Modular Networks Prevent Catastrophic Interference in Model-Based Multi-Task Reinforcement Learning
This addresses the issue of performance degradation in model-based multi-task RL for AI systems, but it is incremental as it builds on known modular approaches to mitigate interference.
The paper tackled the problem of catastrophic interference in model-based multi-task reinforcement learning when using a single shared dynamics model, finding that it leads to task confusion and reduced performance. As a remedy, using modular networks with isolated sub-networks for each task notably improved performance while maintaining the same parameter count, as demonstrated on gridworld and VizDoom experiments.
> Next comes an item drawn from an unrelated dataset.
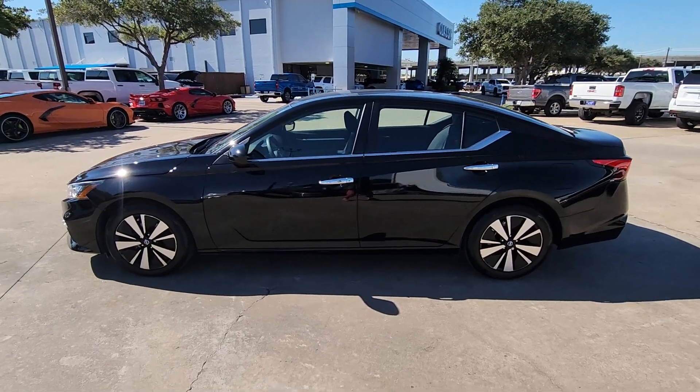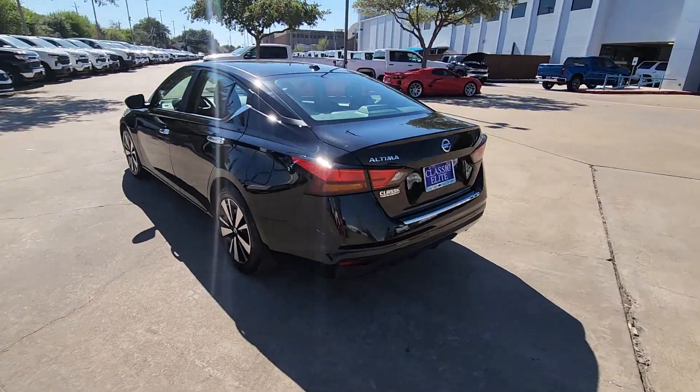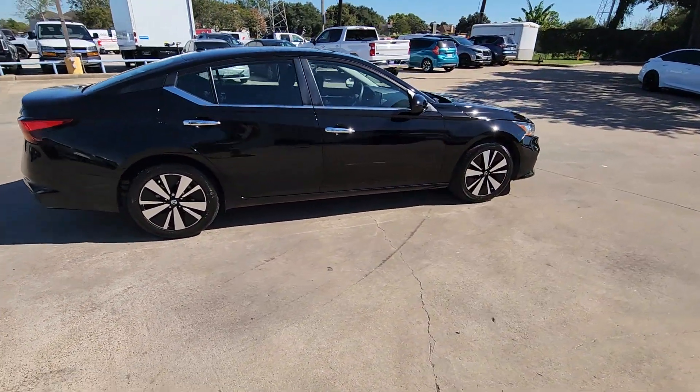You will love the features of this 2022 Nissan Altima. With less than 45,000 miles on the odometer, this vehicle provides excellent value. Take a closer look at this sporty and practical Altima.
In a multi-task reinforcement learning setting, the learner commonly benefits from training on multiple related tasks by exploiting similarities among them. At the same time, the trained agent is able to solve a wider range of different problems. While this effect is well documented for model-free multi-task methods, we demonstrate a detrimental effect when using a single learned dynamics model for multiple tasks. Thus, we address the fundamental question of whether model-based multi-task reinforcement learning benefits from shared dynamics models in a similar way model-free methods do from shared policy networks. Using a single dynamics model, we see clear evidence of task confusion and reduced performance. As a remedy, enforcing an internal structure for the learned dynamics model by training isolated sub-networks for each task notably improves performance while using the same amount of parameters. We illustrate our findings by comparing both methods on a simple gridworld and a more complex vizdoom multi-task experiment.